My 10-year-old is the proud new owner of a set of youth golf clubs.  He eagerly dropped $70 of his hard-earned birthday money on golf clubs.  He keeps them near and obsessively tests his grip while he awaits his father’s first opportunity to go hit some balls.

Where did this come from and how do I stop it???

Look, I’m all for any outdoor sport-type activity that will separate my child from his beloved Pokemon.  But golf?  I don’t get it.  I know people love golf, I know it’s a challenging sport and I know it has great world-wide validity.  I just don’t understand how a child can walk in on his father watching the Masters and become so immediately entranced that he must own clubs and he must play golf.  NOW. 

A source of great hilarity, via http://www.golfdiscount.com

This is a difficult moment for me, as his mother.  I know golf will be good for him and I know I must allow him to explore his interest.  It’s just not what I envisioned for him.  I was thinking football…mostly since that’s the only sport I really like and/or understand, but that’s beside the point.  The boy was born looking like a linebacker.  He was built for football, not a green jacket.  At least, that’s what I, who should know him better than anyone, always thought.

Our children surprise us.  They continually re-define themselves and their interests and it’s up to us, as their parents, not to limit them to our expectations.  Maybe my son is the next Tiger Woods.  Maybe he just wants to spend time with his dad on the golf course (not that his dad spends much time on the golf course, but, again, that’s neither here nor there.)  Whatever his reason, I don’t see a downside.  And the way the sport immediately captivated him really makes me wonder if golf could be what he was built for.  It’s up to him to decide that.  It’s up to me to encourage him, watch him play and pretend I enjoy watching.  I have to let go of my tiny dreams and let my child be who he is, not who I think he is.  I should have seen it coming, really.  This is the boy who forced the world to believe, at the age of two, that he only owned two shirts, since those were the only ones he would wear.  He will do what he wants with his life and everyone else be damned.  That’s something I adore about him.

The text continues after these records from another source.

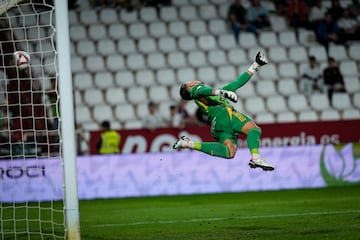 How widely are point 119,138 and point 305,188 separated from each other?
169 inches

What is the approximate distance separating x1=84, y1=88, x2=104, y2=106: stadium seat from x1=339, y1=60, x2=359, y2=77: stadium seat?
6.63 m

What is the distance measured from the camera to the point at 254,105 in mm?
20719

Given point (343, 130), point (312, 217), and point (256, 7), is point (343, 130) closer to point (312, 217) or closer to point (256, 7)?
point (256, 7)

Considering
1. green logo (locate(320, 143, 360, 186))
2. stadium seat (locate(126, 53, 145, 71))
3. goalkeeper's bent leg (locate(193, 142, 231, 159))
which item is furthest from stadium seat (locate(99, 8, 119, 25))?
goalkeeper's bent leg (locate(193, 142, 231, 159))

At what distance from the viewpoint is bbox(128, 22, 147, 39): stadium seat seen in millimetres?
21594

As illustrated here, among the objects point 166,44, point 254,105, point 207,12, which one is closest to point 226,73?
point 254,105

It’s a tiny step toward letting go and it can be hard, but I have faith.  He will make me proud no matter what he does, and no matter if it’s something I enjoy.  I will allow him to create his own future.  His mother, the control freak, will relinquish control this time.  After all, while he stuns me with his love of golf, he also makes repeated off-color jokes about a bucket of balls.  And from my boy, I expect nothing less.  Putt away, my son.